:: COLLECTED MATERIAL ::
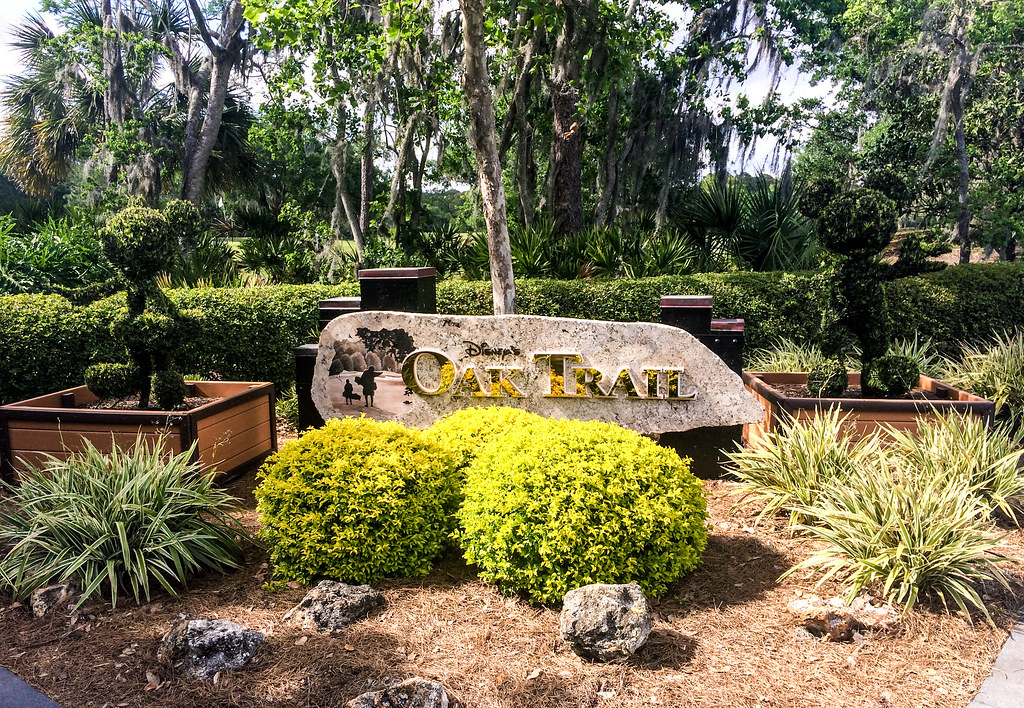 Oak Trail sign and topiaries
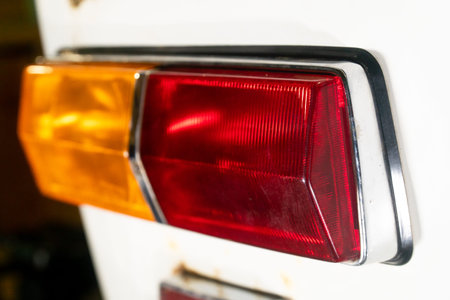 rear lantern or headlight of an old car with a white rusty body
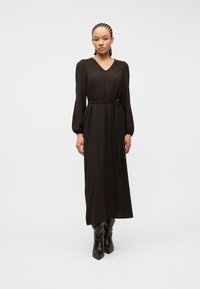 Γυναίκα με πλεξούδες, φορεμένη με μαύρο μίντι φόρεμα με μακριά μανίκια και ζώνη στη μέση, καθώς και με σκουρόχρωμες μπότες μυτερής μύτης, στέκεται μπροστά σε μια απλή φόντο.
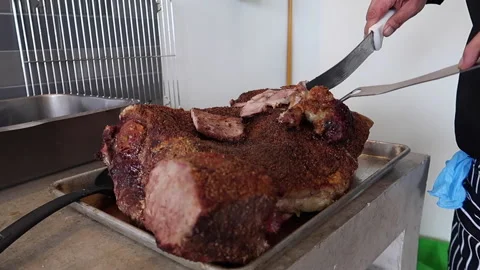 Chef's hands cut roast beef Stock Footage 208964844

:: PROBLEM DETAILS ::
Once the line containing "Γυναίκα με πλεξούδες, φορεμένη" has been copied, stop; everything from the first line of the data up to it must be copied exactly, without pictures.

:: RESPONSE BOX ::
 Oak Trail sign and topiaries
 rear lantern or headlight of an old car with a white rusty body
 Γυναίκα με πλεξούδες, φορεμένη με μαύρο μίντι φόρεμα με μακριά μανίκια και ζώνη στη μέση, καθώς και με σκουρόχρωμες μπότες μυτερής μύτης, στέκεται μπροστά σε μια απλή φόντο.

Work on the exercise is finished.